• TASK DIRECTIONS: When you reach the line containing "A woman donning" in the entries below, please begin setting down lines exactly, stop only after the last one, and add nothing else.
··········
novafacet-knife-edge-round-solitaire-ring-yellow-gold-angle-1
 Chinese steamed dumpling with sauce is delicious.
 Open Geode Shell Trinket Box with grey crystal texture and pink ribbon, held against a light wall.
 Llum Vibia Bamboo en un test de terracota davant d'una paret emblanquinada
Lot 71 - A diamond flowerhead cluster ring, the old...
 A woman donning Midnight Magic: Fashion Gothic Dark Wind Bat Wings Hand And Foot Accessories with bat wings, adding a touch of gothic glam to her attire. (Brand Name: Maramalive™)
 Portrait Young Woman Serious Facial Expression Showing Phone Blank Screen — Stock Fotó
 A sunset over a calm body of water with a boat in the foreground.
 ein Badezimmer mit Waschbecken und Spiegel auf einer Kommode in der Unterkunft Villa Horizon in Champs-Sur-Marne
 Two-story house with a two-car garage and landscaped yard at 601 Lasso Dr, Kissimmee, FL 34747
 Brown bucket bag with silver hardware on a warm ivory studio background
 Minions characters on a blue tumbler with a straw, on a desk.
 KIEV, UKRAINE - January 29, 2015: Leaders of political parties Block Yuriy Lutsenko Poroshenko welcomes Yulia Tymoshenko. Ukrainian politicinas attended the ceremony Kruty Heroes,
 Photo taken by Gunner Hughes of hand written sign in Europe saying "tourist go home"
··········
• TASK RESPONSE:
 A woman donning Midnight Magic: Fashion Gothic Dark Wind Bat Wings Hand And Foot Accessories with bat wings, adding a touch of gothic glam to her attire. (Brand Name: Maramalive™)
 Portrait Young Woman Serious Facial Expression Showing Phone Blank Screen — Stock Fotó
 A sunset over a calm body of water with a boat in the foreground.
 ein Badezimmer mit Waschbecken und Spiegel auf einer Kommode in der Unterkunft Villa Horizon in Champs-Sur-Marne
 Two-story house with a two-car garage and landscaped yard at 601 Lasso Dr, Kissimmee, FL 34747
 Brown bucket bag with silver hardware on a warm ivory studio background
 Minions characters on a blue tumbler with a straw, on a desk.
 KIEV, UKRAINE - January 29, 2015: Leaders of political parties Block Yuriy Lutsenko Poroshenko welcomes Yulia Tymoshenko. Ukrainian politicinas attended the ceremony Kruty Heroes,
 Photo taken by Gunner Hughes of hand written sign in Europe saying "tourist go home"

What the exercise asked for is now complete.